Trainee pilot passes out for 55 minutes over sea

A trainee pilot was unconscious at the controls of his light plane for 55 minutes as it flew 250km on autopilot over the Australian city of Adelaide and out to sea, an investigation has revealed.

The Australian Transport Safety Bureau’s (ATSB) report said the young pilot – whose flying licence has since been suspended – regained consciousness to find he had overshot the city’s Parafield airport and was heading out to sea.

The unnamed pilot, referred to as a ‘Middle Eastern man’ in Australian media reports, studied with Flight Training Adelaide for a year on an Emirates Airlines scholarship. “As the medical aspects of this case are currently under investigation, Emirates is unable to make any comment,” a spokesperson for Emirates said in emailed statement to Emirates 24/7.

The cadet pilot wasn’t flying an Emirates aircraft at the time of the incident, and investigations concluded that that no one was injured during what the ATSB classifies as a "serious incident" and no damage was done to the aircraft.

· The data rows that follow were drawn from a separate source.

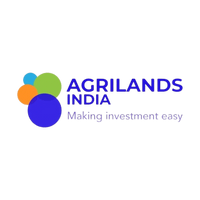 Agrilands India 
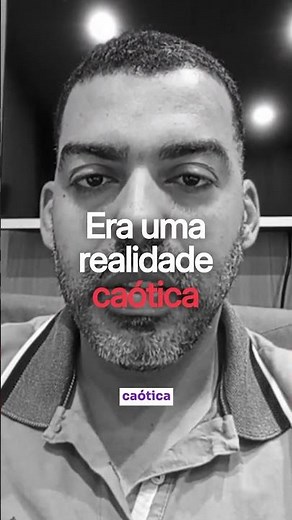 "Resolvi 70 casos em apenas 48 horas com a Facilita"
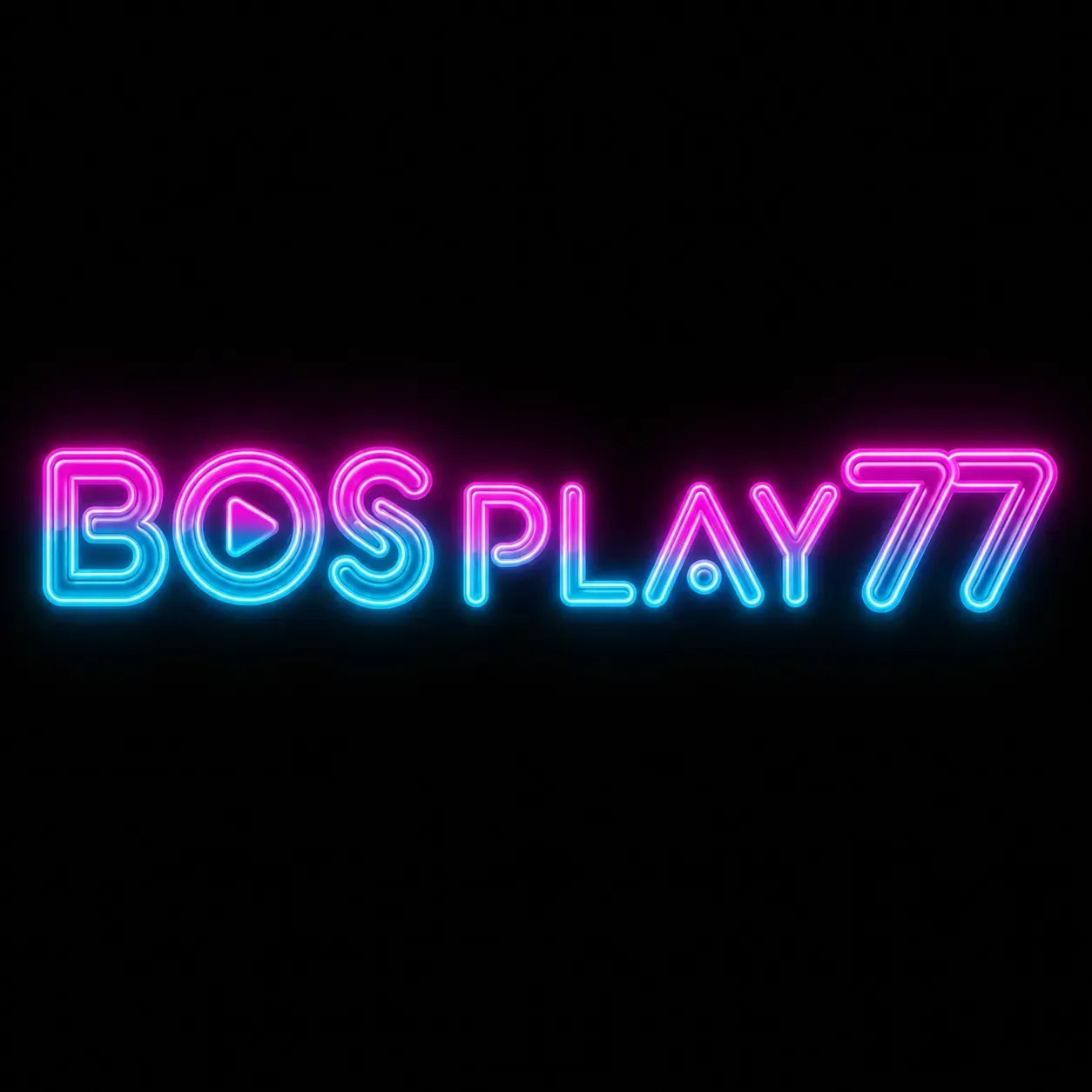 BOSPLAY77 - Game Gaple Seru dan Menyenangkan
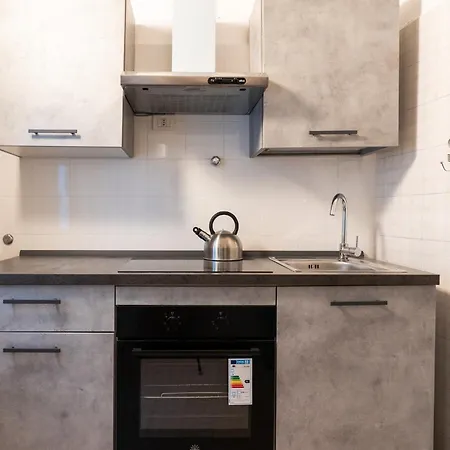 Meta By Wonderful Italy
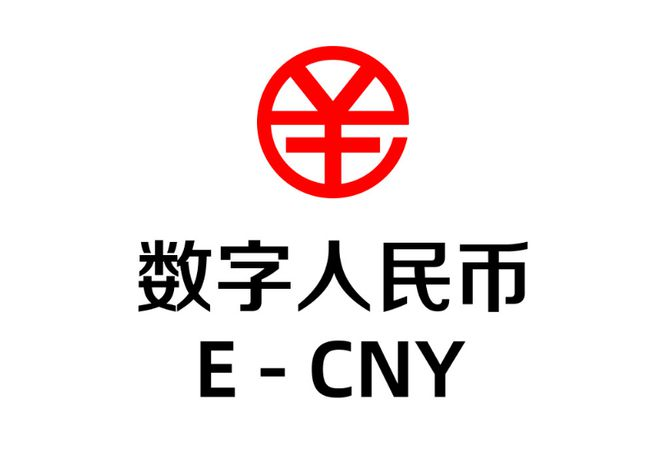 央行會議強調(diào)完善跨境人民幣支付服務(wù)水平！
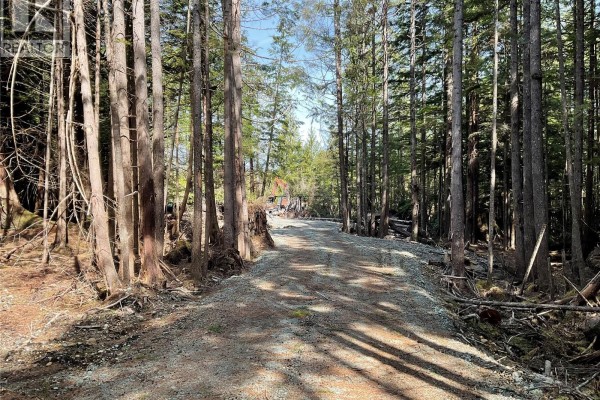 Lt 15 Mitchell Bay Rd, Malcolm Island, BC V0N3E0 Photo 5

According to the ATSB’s report, the incident occurred on December 27, 2010, when a trainee pilot was on a solo flying training exercise onboard a SOCATA TB-10 Tobago aircraft, registered VH-YTF.

While in air, “the pilot reported feeling hot and began to sweat. He checked that the cabin heat was selected off and the cabin air vents were open and climbed to 6,500 ft to allow cooler air into the aircraft,” the ATSB investigation report states.

“The pilot reported that he lost consciousness in the climb with the aircraft auto-pilot engaged in heading mode and the elevator pitch setting trimmed for the climb attitude. It is estimated that the pilot remained unconscious for approximately 55 minutes,” the report states.

“The pilot regained consciousness approximately 12 NM (22 km) south-west of Adelaide Airport and responded to a radio call from Adelaide Radar. He was issued a clearance to return to Parafield Airport,” the report states.

“Subsequent medical examinations could not find the cause of the loss of consciousness. The pilot’s medical certificate was subsequently suspended,” it states.

Both the ATSB and Civil Aerospace Medical Institute of the US Federal Aviation Administration have conducted recent research into pilot incapacitation. The reports conclude that medical incapacitation is a rare event. The most common causes of loss of consciousness were gastrointestinal, neurological, cardiac and urological events.